3. Add the sausage and potato:  Place the pot back on your stove, and add back the cooked sausage and the one remaining potato.  Let the soup simmer again for another 40 minutes so that the chunks of potato are fork-tender.

*fork tender: Checking the doneness of something based on how easy it is to pearse the object with a fork.  If the fork pearses easily then the food is tender, if it is difficult to pearse then it isn’t tender.

4. Prep & add the greens: Wash the greens that you plan to use in the soup, and remove the stem that runs up the middle of each of them.

 Next we are going to cut the greens in a chiffonade style.
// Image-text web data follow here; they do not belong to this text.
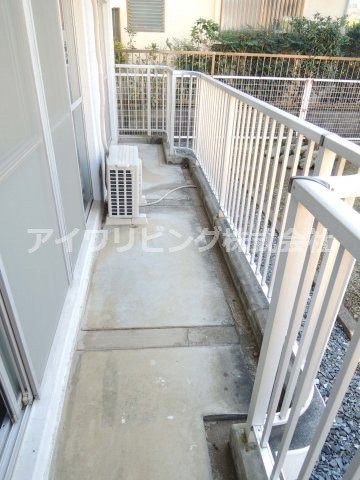 イミグランドIIIの駐車場|ウォシュレット完備【イミグランドIII】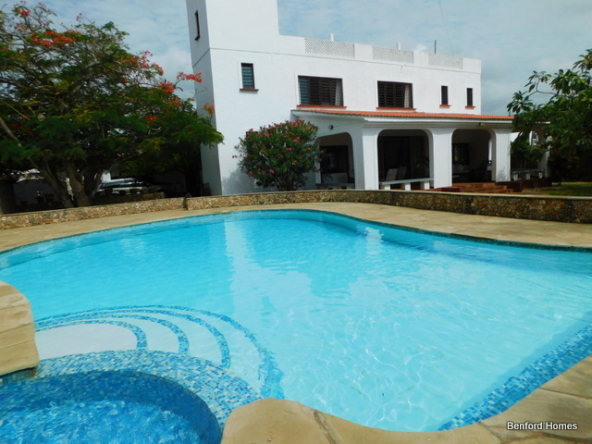 Swimming pool in the 4 bedroom apartment on sale in Shanzu | Benford Homes properties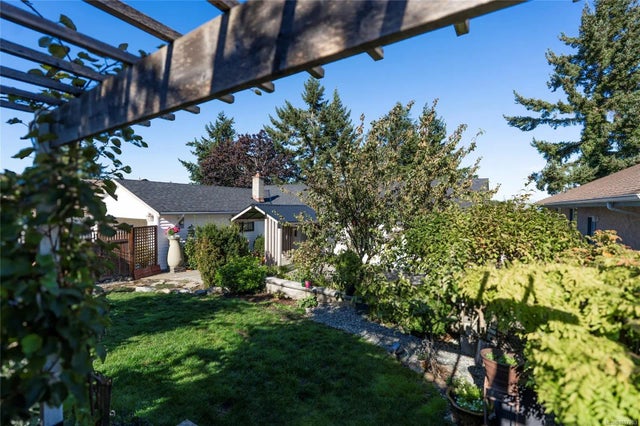 4 of 58 - 130 Heritage Dr, Nanaimo, BC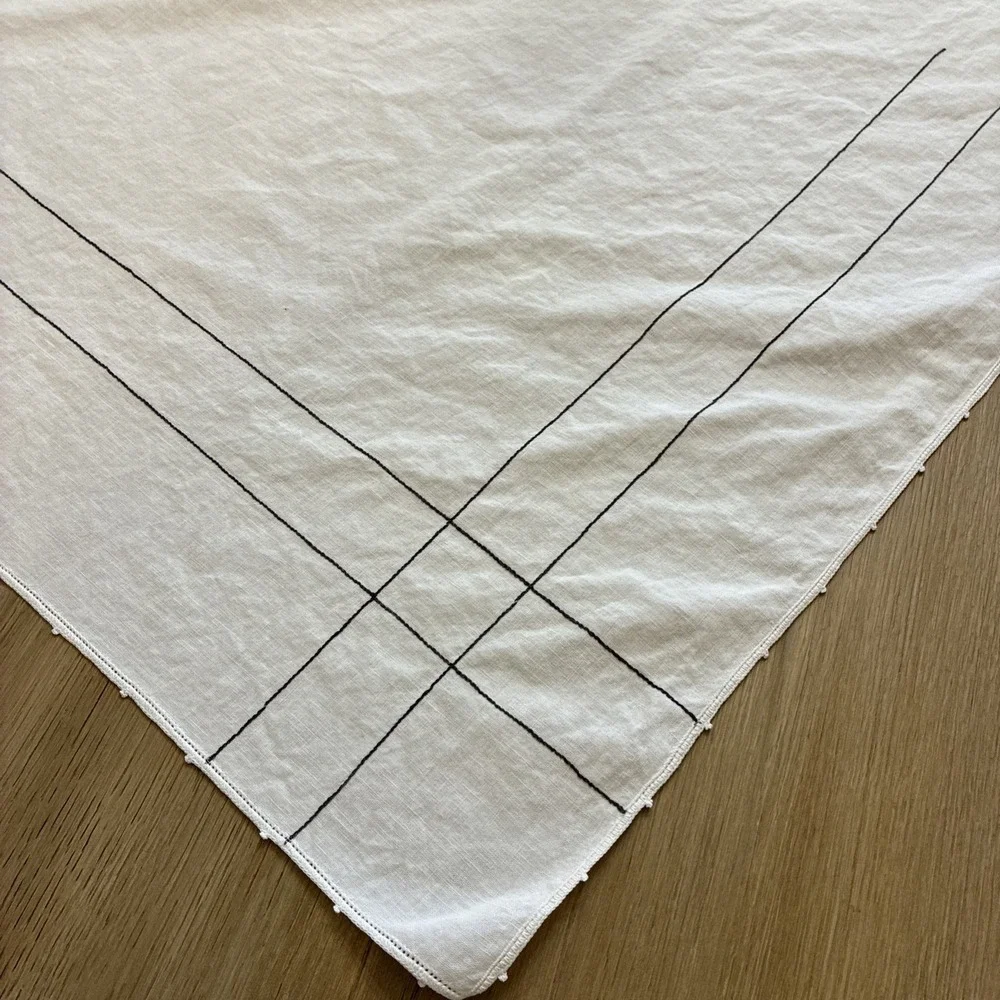 N/A tablecloth has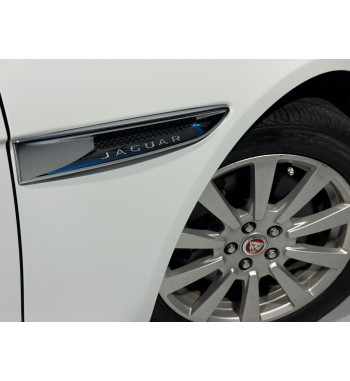 Jaguar XE 2016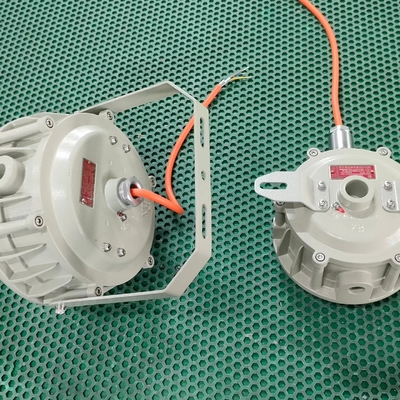 50W Luz LED lineal a prueba de explosión 1000lm Lámpara recargable IP65 para el entorno extremo de la zona 2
To do this simply take a stack of the destemed greens and roll them up like a cigar.  Then hold the greens tightly in this manner, and slice them into slender ribbons.
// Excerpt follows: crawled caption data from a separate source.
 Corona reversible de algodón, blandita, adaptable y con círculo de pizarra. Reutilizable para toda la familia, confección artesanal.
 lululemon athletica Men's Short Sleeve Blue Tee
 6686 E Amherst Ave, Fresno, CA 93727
If you would like to know more about chiffonade, or any other type of cuts, then take a second and check out an older post I made on that topic.  Once all of the greens are prepared toss them into the simmering soup and let them cook in there for about 10 to 20 minutes.

5.Serve & enjoy

Caldo Verde Recipe

Prep Time10 minutes
Cook Time1 hour 30 minutes
Total Time1 hour 40 minutes
Servings: 8 people

Ingredients

  • 12 oz of linguica sausage cut into ¼ inch sized coins
  • ¼ Cup of olive oil
  • 2 Cloves of garlic
  • 1 Onion yellow peeled and roughly chopped
  • 2 Large russet potatoes peeled & roughly chopped
  • 1 Additional large russet potato peeled & cut into inch sized chunks
  • 2 Quarts of chicken stock
  • 1 LB of Collard greens or any other type or greens that you prefer

Instructions

  • Brown up the linguica:  Get out a large pot, put the olive oil in it, and set it over a medium high heat on your stove top.   Once the oil has become hot, toss in the pieces of linguica sausage and fry them for about 5 minutes. After this take the pieces of sausage out with a slotted spoon, and place them on a plate to be used later.
  • Make the broth:  Keep the same pot over a medium high heat, and toss in the onion and garlic, sauteing them both for about 5 minutes.   Next add in both the chicken stock, and the 2 russet potatoes, and let everything come to a boil. Once it has come to a boil, reduce the heat to medium low, and let it simmer for about 30 minutes, or at least until the potatoes are tender.  In the end, take the pot off of the stove, and use either a regular blender or an immersion blender to blend everything until it makes a smooth creamy broth.
  • Add the sausage and potato:  Place the pot back on your stove, and add back the cooked sausage and the one remaining potato.  Let the soup simmer again for another 40 minutes so that the chunks of potato are fork-tender.
  • *fork tender: Checking the doneness of something based on how easy it is to pearse the object with a fork.  If the fork pearses easily then the food is tender, if it is difficult to pearse then it isn’t tender.
  • Prep & add the greens: Wash the greens that you plan to use in the soup, and remove the stem that runs up the middle of each of them.
  • Next we are going to cut the greens in a chiffonade style. To do this simply take a stack of the destemed greens and roll them up like a cigar.  Then hold the greens tightly in this manner, and slice them into slender ribbons.
  • If you would like to know more about chiffonade, or any other type of cuts, then take a second and check out an older post I made on that topic.  Once all of the greens are prepared, toss them into the simmering soup and let them cook in there for about 10 to 20 minutes.